Imposto de Renda em condomínios. Declaração do síndico, do condomínio e dos condôminos. Tire suas dúvidas

O prazo para entrega do imposto de renda em 2015 é 30 de abril. Ou seja: ainda há quase um mês para enviar os seus dados para a Receita Federal.

E, antes de mandar sua declaração para o leão, é importante saber onde o condomínio e o imposto de renda se encontram, para evitar possíveis erros que o levem para desentendimentos com o órgão, como a malha fina. Isso, com certeza, atrasaria o recebimento da sua restituição, caso você tenha direito a uma.

Pensando nisso, elencamos abaixo algumas informações sobre o imposto de renda em condomínios. Mesmo que o condomínio não precise declarar o IR, síndicos e condôminos devem prestar atenção a temas como o IR do síndico – seja ele remunerado ou isento de pagamento da taxa condominial -, ou como os condôminos devem lançar itens como receitas geradas no local (como locação para antenas de telefonia e outros, aluguel de salão, etc.).

Não pense que a declaração do imposto de renda é um bicho de sete cabeças. Muito pelo contrário. Cada vez mais fácil de ser preenchida, a ideia é que o próprio cidadão consiga fazer sua declaração. O conselho do SíndicoNet é, além do preenchimento cuidadoso do formulário, apenas com informações corretas, que o envio da declaração não seja deixado para a última hora.

Veja abaixo algumas informações sobre o imposto de renda em condomínios:

Condomínio

Para a Receita Federal, condomínios são isentos do pagamento de imposto de renda, ou seja, não fazem qualquer declaração, o que cabe ao síndico e seus moradores.

Síndico

O síndico que tem isenção da taxa condominial deve incluir esse benefício em sua declaração, considerando-o “outras receitas”, já que a isenção seria proporcional a um pagamento pelos serviços prestados.

Vale lembrar que, se essa receita ultrapassar os R$6 mil anuais, deve ser declarada na DIRF. Se o síndico receber uma remuneração direta, como um salário, deve declarar da mesma maneira.

Condôminos

Veja abaixo o que diz a Receita Federal sobre ganhos obtidos através da locação de áreas comuns nos Condomínios, como aluguel do topo do prédio para antenas de telefonia, publicidade, entre outros.

Note também que receitas provenientes de locação de salão de festas, piscinas, churrasqueiras, etc. não são consideradas como rendimento de aluguel para efeito de tributação.

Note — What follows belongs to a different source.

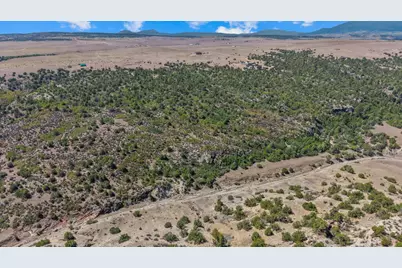 Tbd Pickney Rd, Rye, CO 81069 - Photo 7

Veja:

Como deve ser tributada a quantia recebida por locação de espaço físico em imóveis ou condomínios edilícios?
As quantias recebidas por pessoa física pela locação de espaço físico sujeitam-se ao recolhimento mensal obrigatório (carnê-leão) se recebidas de pessoa física ou de fonte no exterior, ou à retenção na fonte se pagas por pessoa jurídica, e ao ajuste na Declaração de Ajuste Anual.

Ressalte-se que, diante da inexistência de personalidade jurídica do condomínio edilício, as receitas de locação por este auferidas, na realidade, constituem-se em rendimentos dos próprios condôminos, devendo ser tributados por cada condômino, na proporção do quinhão que lhe for atribuído, na forma explicada no primeiro parágrafo.

Ainda que os condôminos não tenham recebido os pagamentos em espécie, são eles os beneficiários dessa quantia, observando-se isso, por exemplo, quando o valor recebido se incorpora ao fundo para o qual contribuem, ou quando diminui o montante do condomínio cobrado, ou, ainda, quando utilizado para qualquer outro fim.

No caso de condomínio edilício, o pagamento pela ocupação ou uso de partes comuns (salão de festas, piscinas, churrasqueiras etc.) pelos próprios condôminos não é considerado rendimento de aluguel. Ato Declaratório Interpretativo SRF nº 2, de 27 de março de 2007.”